Top of Information given

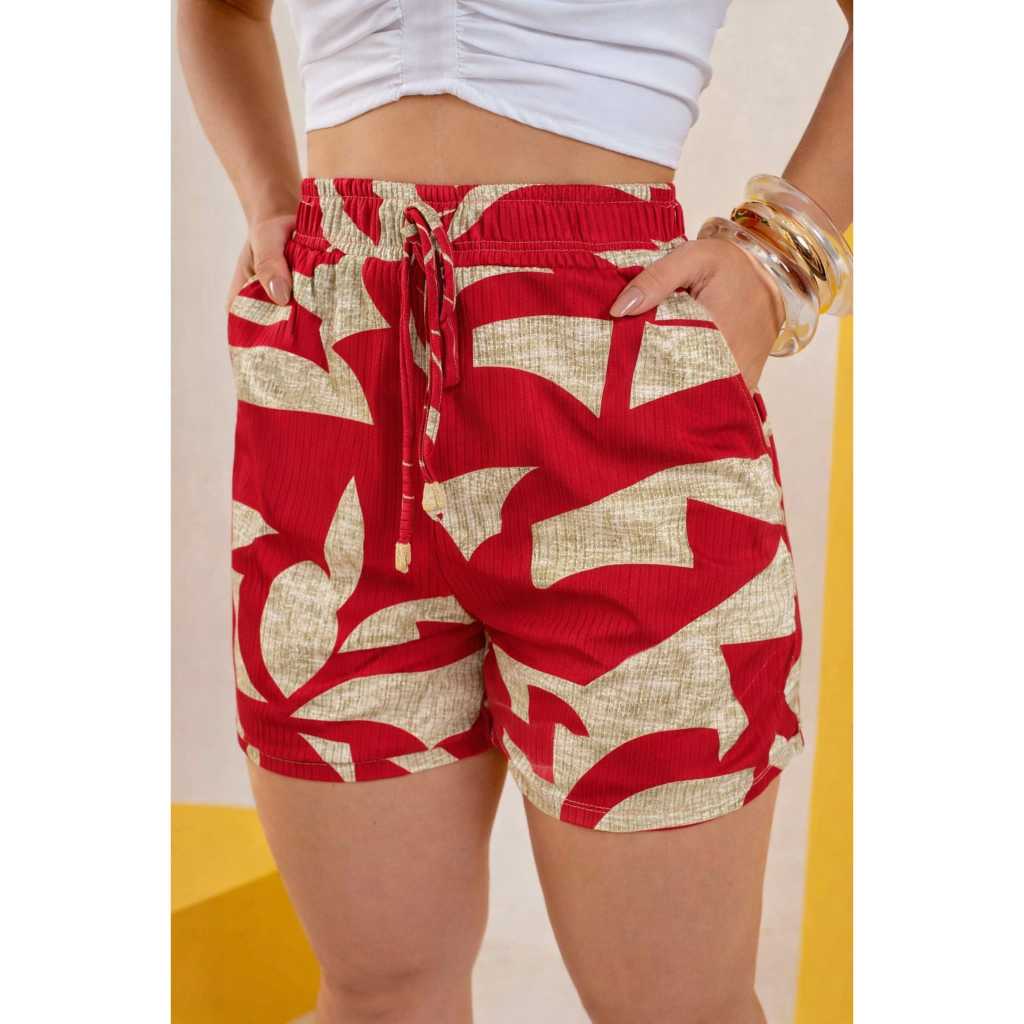 Kit 5 Shorts Feminino Canelado com Elastano Estampado Estampas Sortidas Leve e Soltinho Confortavel Casual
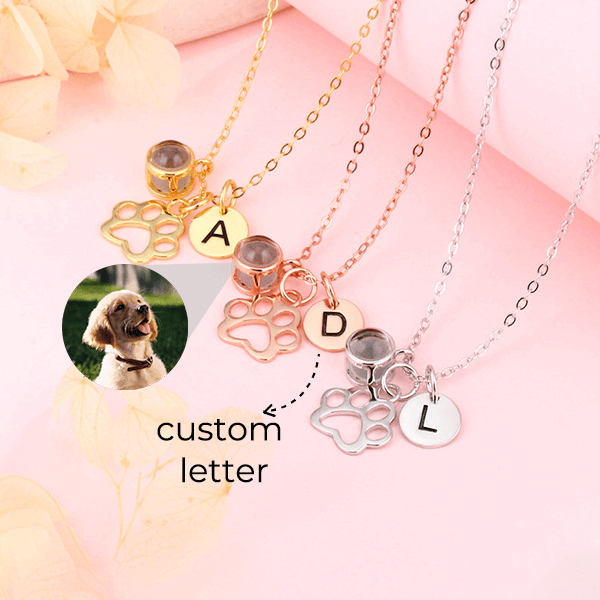 Personalized Photo Necklace With Initial And Paw Print Pendants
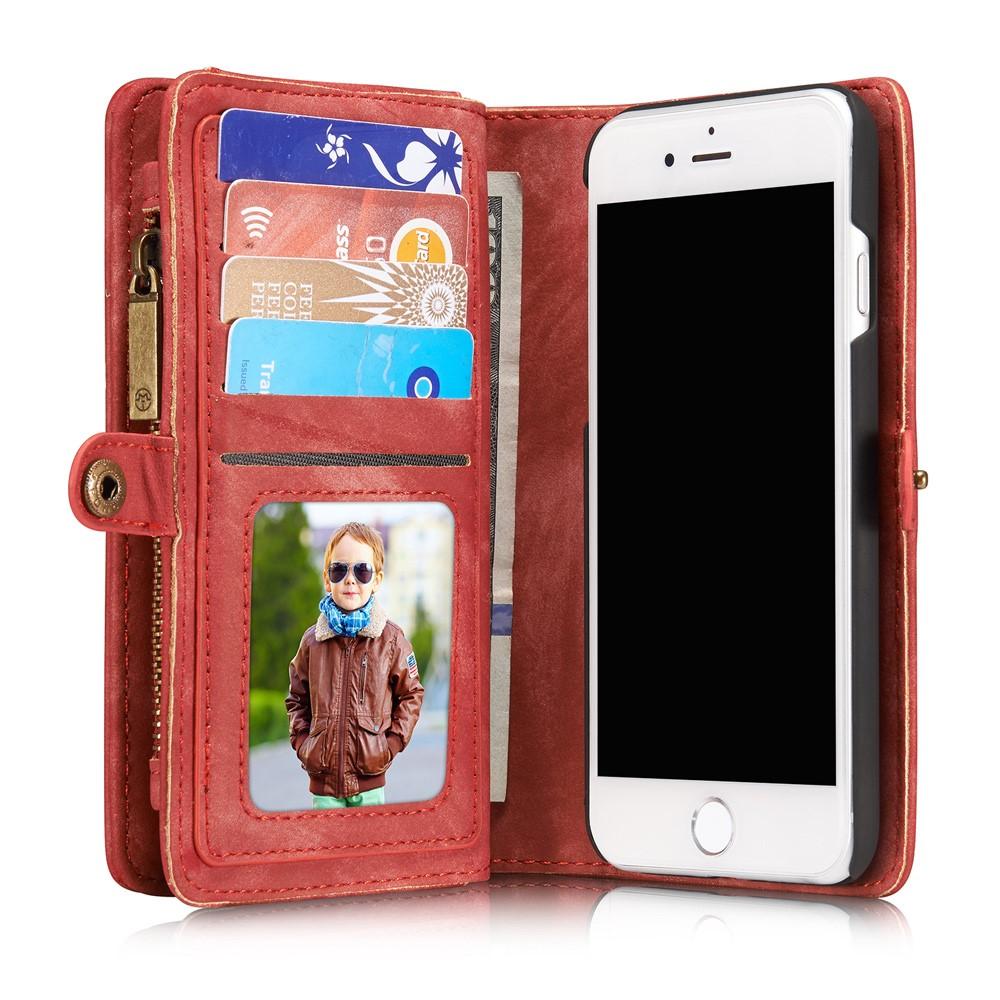Étui portefeuille multi-cartes iPhone 7, Rouge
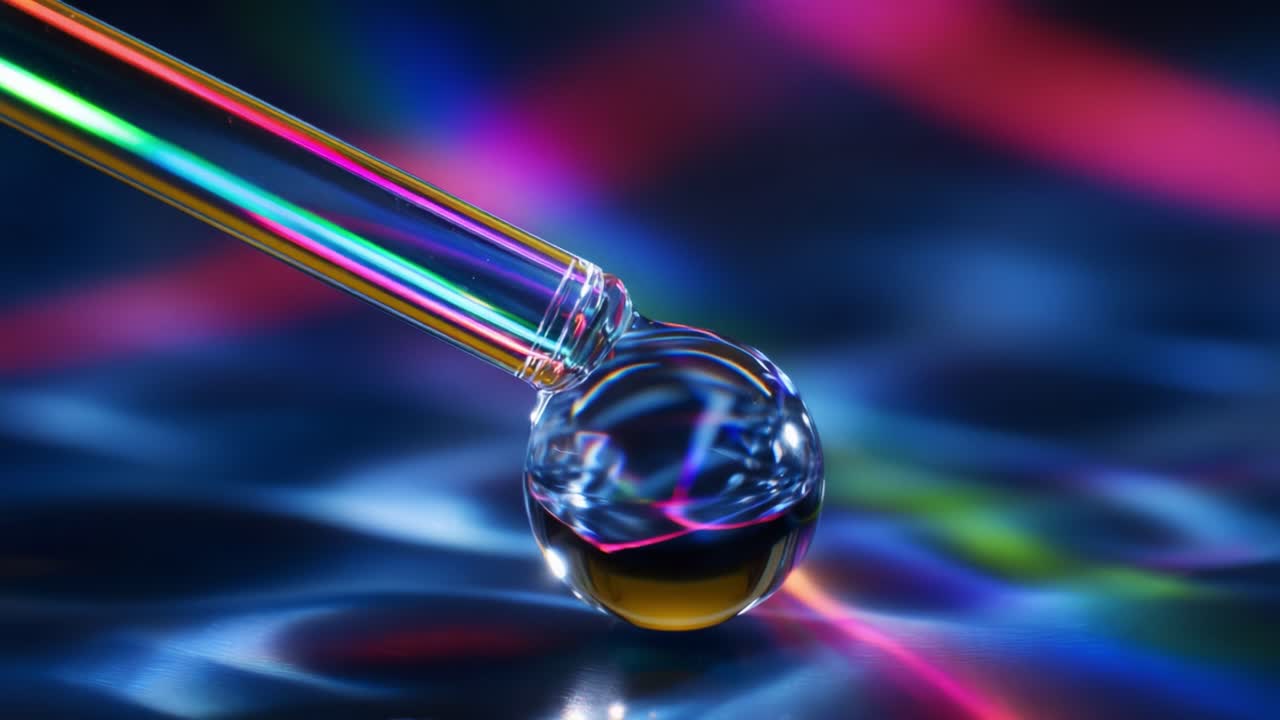 A captivating macro view of a glass pipette as it interacts with a perfectly rounded water droplet, showcasing stunning reflections and refractions against a colorful, wavy backdrop that illuminates the scene
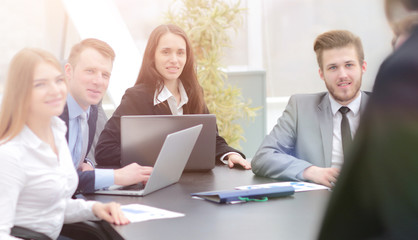 Fototapeta premium portrait of successful business team at the workplace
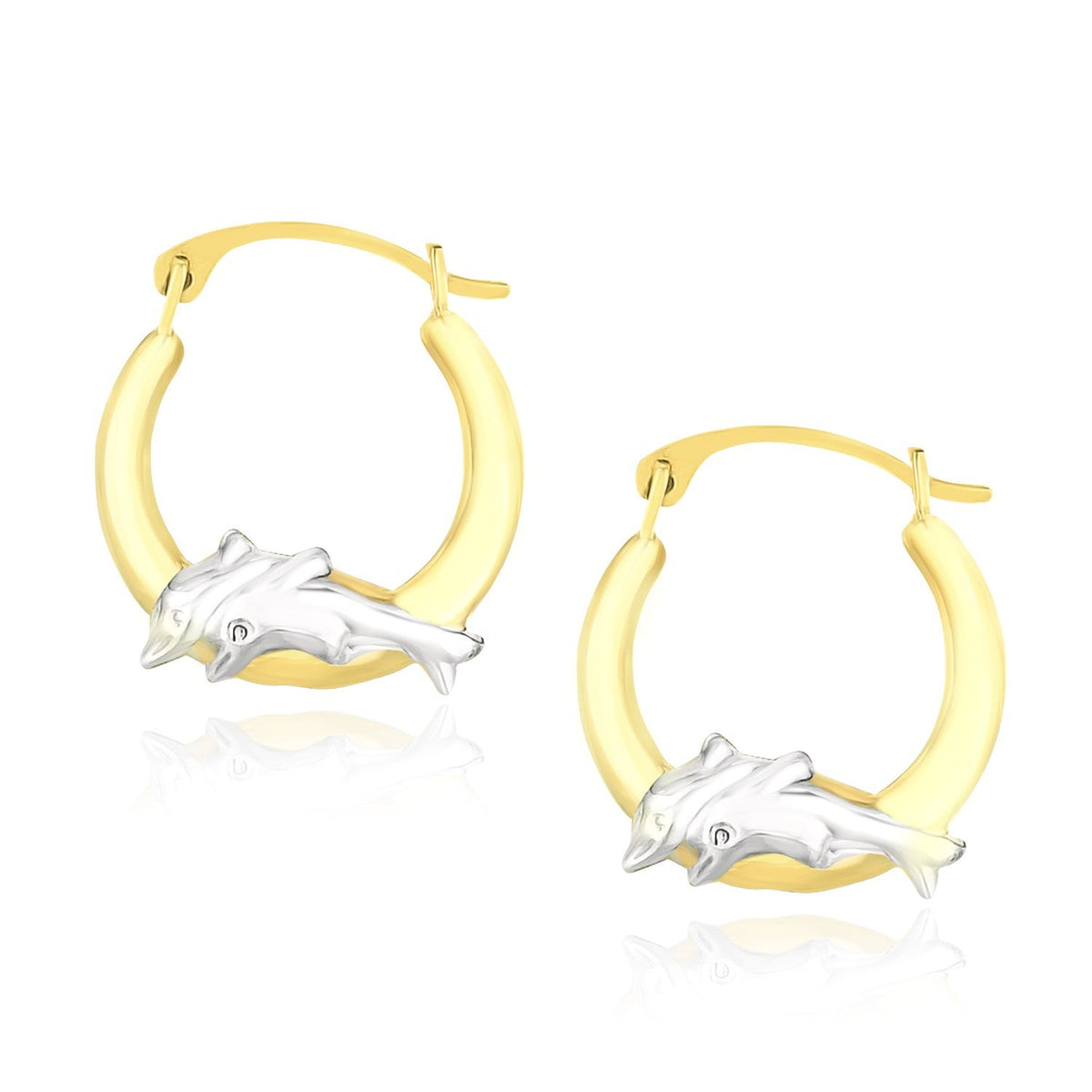 Avera Group 16mm 10K two-tone gold dolphin hoop earrings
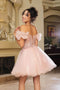 Puff Sleeve Appliqued Corset Short Dress May Queen MQ2164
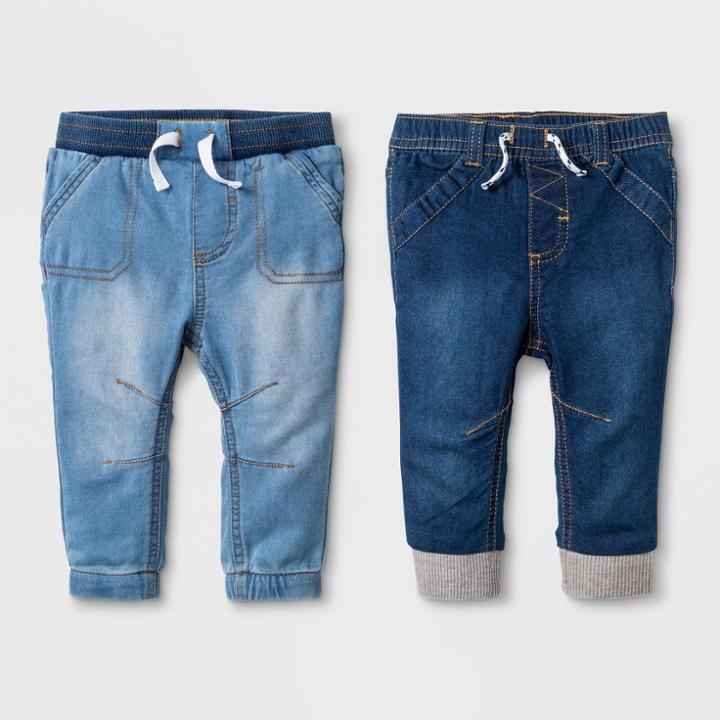 Baby Boys' Knit Denim Jogger Set 1 Light Wash And 1 Medium Wash - Cat & Jack Blue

Bottom of Information given

Your instructions:
Could you write out exactly the lines running from the one with "Puff Sleeve Appliqued" through the last line of the data above, both ends kept, and omit any picture?

Exercise answer:
 Puff Sleeve Appliqued Corset Short Dress May Queen MQ2164
 Baby Boys' Knit Denim Jogger Set 1 Light Wash And 1 Medium Wash - Cat & Jack Blue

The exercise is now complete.